§ **BRIEF**: Only the text belongs in the answer: every line of the records below, transcribed exactly.

══════════════════════════════

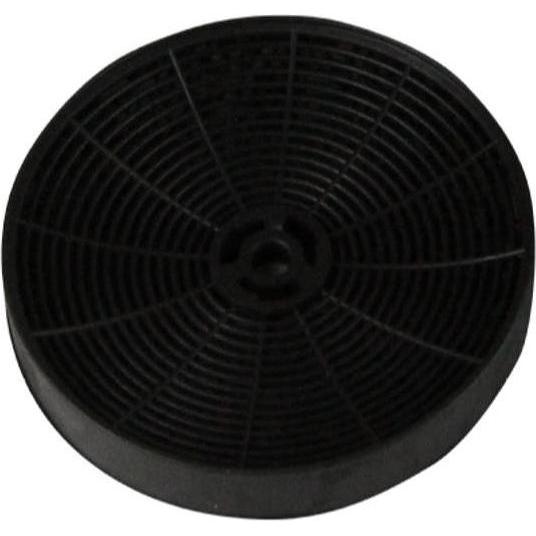 Amica FWP 18 Bauteil & Zubehör für Dunstabzugshauben Filter für Dunstabzugshaube (FWP 18)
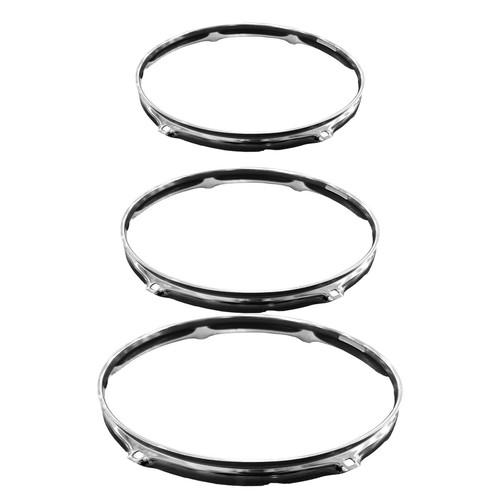 Tambour hoop instrument parts - instrument,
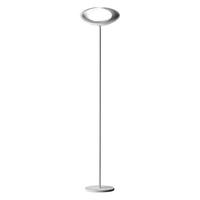 Artemide Cabildo vloerlamp LED 2700K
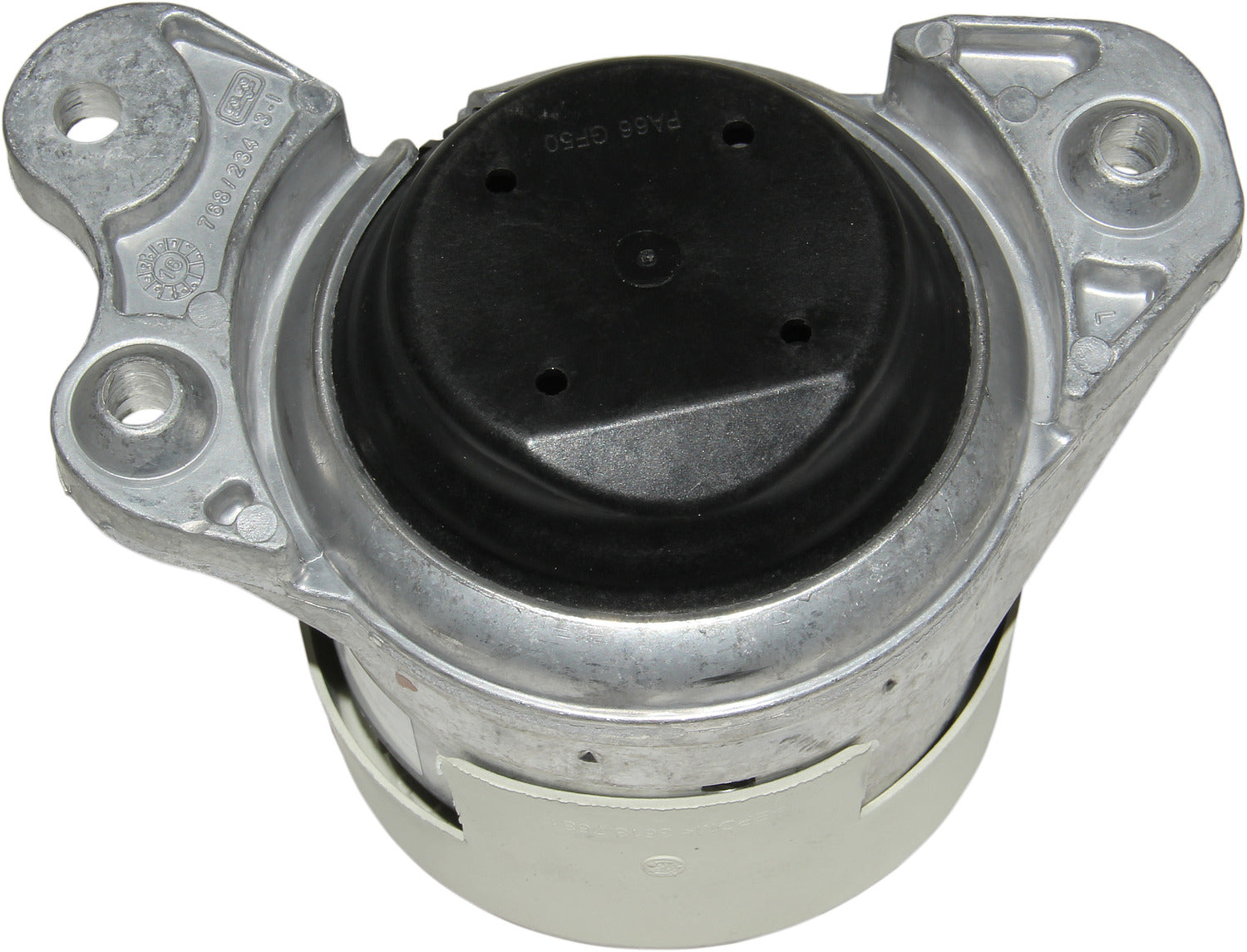 Corteco Engine Mount
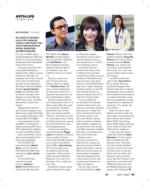 image of July 04, 2024 - number 38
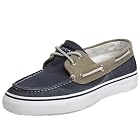 Sperry Top-Sider Bahama 2-Eye Boat Shoe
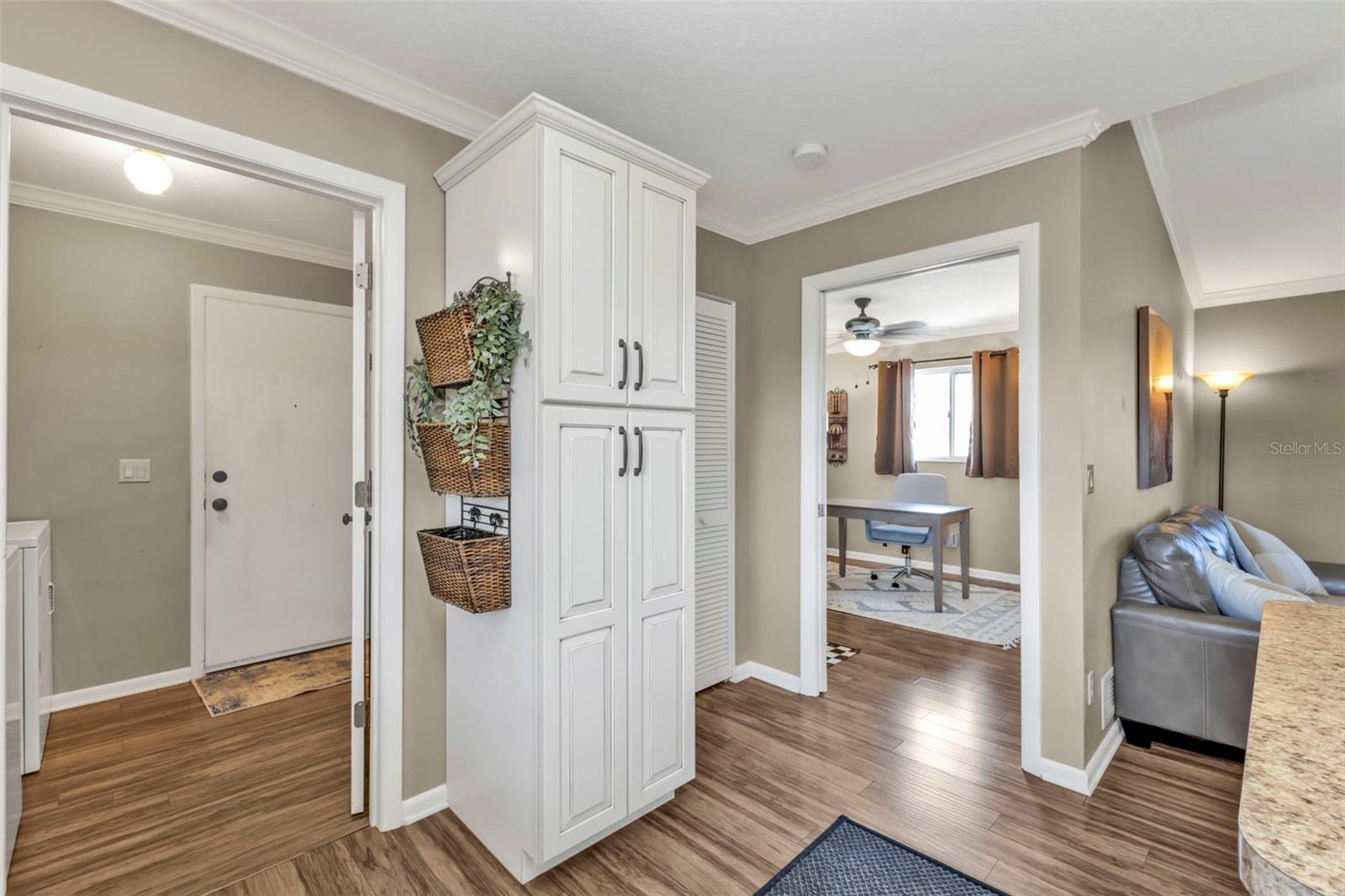 PORT CHARLOTTE SUB 06 - Residential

══════════════════════════════

§ **COMPLETED EXERCISE**:
 Amica FWP 18 Bauteil & Zubehör für Dunstabzugshauben Filter für Dunstabzugshaube (FWP 18)
 Tambour hoop instrument parts - instrument,
 Artemide Cabildo vloerlamp LED 2700K
 Corteco Engine Mount
 image of July 04, 2024 - number 38
 Sperry Top-Sider Bahama 2-Eye Boat Shoe
 PORT CHARLOTTE SUB 06 - Residential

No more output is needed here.